* _THE TASK_: Repeat exactly, and nothing more, the lines from the one that includes "a multicolored umbrella" through the final line of the entries; skip the pictures.

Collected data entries
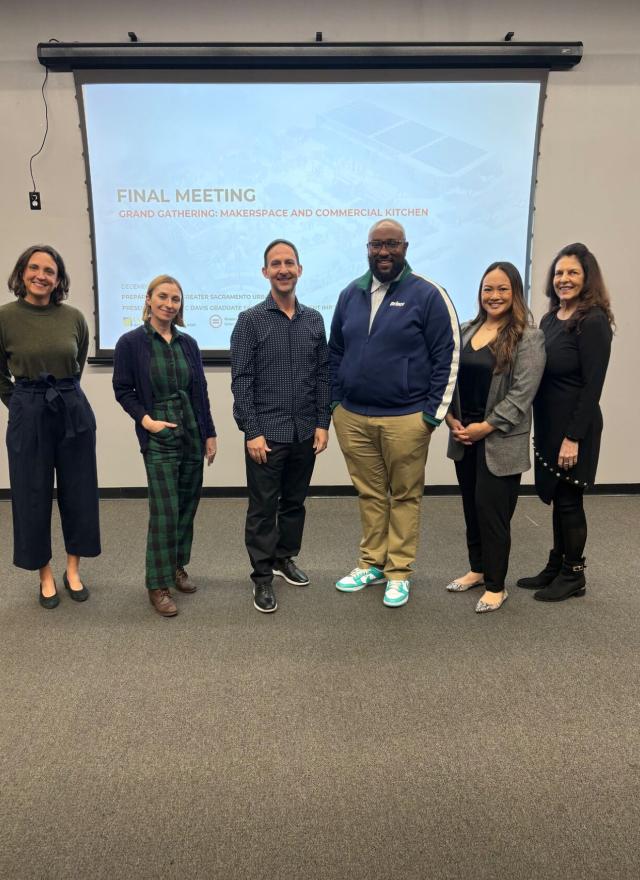 Liza Santa Ana and MBA students in front of a presentation screen
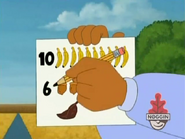 Papi writes a "6" so Dora can remember.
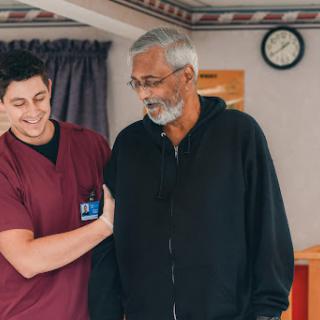 A healthcare professional assisting an elderly patient during rehabilitation.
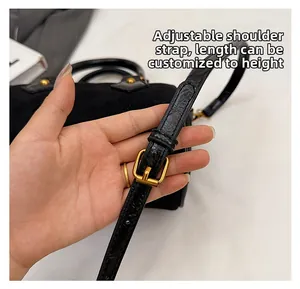 Detalle de correa ajustable con hebilla dorada en bolso Boston de ante negro mate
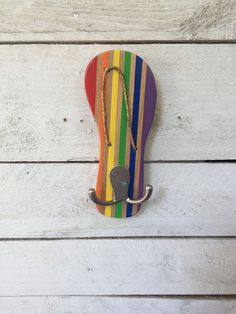 a multicolored umbrella hook on a white wooden wall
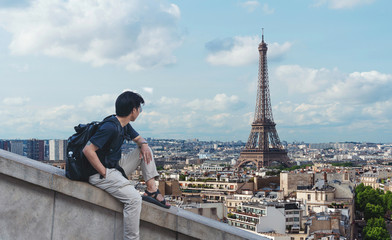 a man with backpack looking at Eiffel tower, famous landmark and travel destination in Paris, France
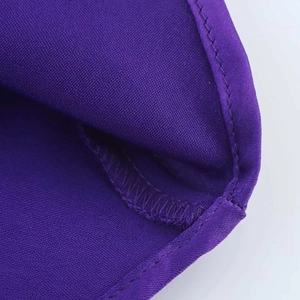 Detailed close-up of neat hem stitching on premium dark purple satin fabric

* _WRITTEN SOLUTION_:
 a multicolored umbrella hook on a white wooden wall
 a man with backpack looking at Eiffel tower, famous landmark and travel destination in Paris, France
 Detailed close-up of neat hem stitching on premium dark purple satin fabric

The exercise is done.